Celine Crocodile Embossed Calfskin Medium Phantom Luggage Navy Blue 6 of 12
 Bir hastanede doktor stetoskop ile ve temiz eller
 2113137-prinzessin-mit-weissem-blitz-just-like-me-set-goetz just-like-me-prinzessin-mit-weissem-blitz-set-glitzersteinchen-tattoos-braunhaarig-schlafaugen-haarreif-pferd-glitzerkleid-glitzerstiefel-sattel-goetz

-----

WHAT TO PRODUCE -> Give back the complete material verbatim.

RESULT ->
Celine Crocodile Embossed Calfskin Medium Phantom Luggage Navy Blue 6 of 12
 Bir hastanede doktor stetoskop ile ve temiz eller
 2113137-prinzessin-mit-weissem-blitz-just-like-me-set-goetz just-like-me-prinzessin-mit-weissem-blitz-set-glitzersteinchen-tattoos-braunhaarig-schlafaugen-haarreif-pferd-glitzerkleid-glitzerstiefel-sattel-goetz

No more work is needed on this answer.